The little black and white pot on the back is used to adjust the indication. The whole outside rim turns - turn it s l o w l y. You may have to loosen the center hold down screw a tad. Crank up the engine. Holding the speed at 1500 RPM (by the control tach), set the pot - fairly close. Now advance the engine speed to the RPM you desire to be exact, and fine tune it. Actually, mine, set right on at 3,000 is within 50 RPM at 750 and within 100 at 5,000 (the aforementioned cleaning helps,) so I would recommend using ones head about calibration - holding the durn thing at 6,500 long enough to set the pot and tighten the hold down might not be all that wise. When you think you have it, carefully tighten the hold down a bit, then cycle it up and down the scale a few times to check it. If youre still satisfied, tweak the screw to hold it, and youre done. To make a perfect conversion, get some satin gloss black model railroad paint and a selection of rub-on or decal numbers from your nearest hobby store that deals in HO gauge trains. Paint out the 4 and stick on the 8. Slick!
Some other things that are nice to know about your tach. If it (stock or converted) wont work sometimes but will at others, check the big .025 mf capacitor near the transistors: its probably cracked or leaking. Get a replacement at Radio Shack and solder it in.
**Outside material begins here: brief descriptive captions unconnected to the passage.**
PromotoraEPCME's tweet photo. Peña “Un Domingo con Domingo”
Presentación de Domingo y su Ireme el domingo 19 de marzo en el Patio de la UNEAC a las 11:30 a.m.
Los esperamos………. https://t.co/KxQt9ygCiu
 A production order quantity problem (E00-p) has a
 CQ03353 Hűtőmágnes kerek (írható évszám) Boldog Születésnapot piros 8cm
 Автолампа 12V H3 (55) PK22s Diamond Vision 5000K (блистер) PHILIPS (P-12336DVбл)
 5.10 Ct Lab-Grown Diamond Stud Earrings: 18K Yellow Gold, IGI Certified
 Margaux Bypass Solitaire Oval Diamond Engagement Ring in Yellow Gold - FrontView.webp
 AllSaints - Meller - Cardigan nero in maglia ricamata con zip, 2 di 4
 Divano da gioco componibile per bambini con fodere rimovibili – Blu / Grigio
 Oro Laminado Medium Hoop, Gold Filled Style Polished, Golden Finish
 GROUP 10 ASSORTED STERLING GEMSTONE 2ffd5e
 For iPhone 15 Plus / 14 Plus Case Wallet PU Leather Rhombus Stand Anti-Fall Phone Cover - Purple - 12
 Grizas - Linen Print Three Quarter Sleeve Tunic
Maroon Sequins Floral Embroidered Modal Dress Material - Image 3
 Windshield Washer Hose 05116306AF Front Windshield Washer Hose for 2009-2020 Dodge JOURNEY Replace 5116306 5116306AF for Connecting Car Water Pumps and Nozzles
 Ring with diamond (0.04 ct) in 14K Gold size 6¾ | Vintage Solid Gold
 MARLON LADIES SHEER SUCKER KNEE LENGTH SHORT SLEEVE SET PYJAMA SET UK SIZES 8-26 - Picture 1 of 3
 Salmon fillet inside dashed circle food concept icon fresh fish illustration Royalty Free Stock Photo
If it is sluggish in cold weather and does strange things sometimes when it gets real hot (Holtville ?) you can thank the inferior transistors used in Smiths instruments. Back to Radio Shack. Buy two general purpose Silicon transistors. If you want to be perfectly correct, tell the salesman you want 2 Motorola HEP 253 transistors or equivalent. Just clip out the old ones and solder in the new. If youre a little afraid, go and see your T.V. repairman - tell him what you want and it will take about 10 minutes (both transistors, capacitor, and a cup of coffee). Actually, replacing these troublesome parts when making the Alpine-Tiger switch is a real good idea (only about $3-4 worth of parts). If you dont, you may have to recalibrate the instrument if you ever do.
If you install a C-D ignition (a good deal) you have to do two things: 1) take out the second set of points in your dual point distributor (if you have one); 2) rewire the tach as shown. Note - just take out the nylon bracket and use only the metal loop - 4 turns works really well and fits nicely. Recheck your calibration!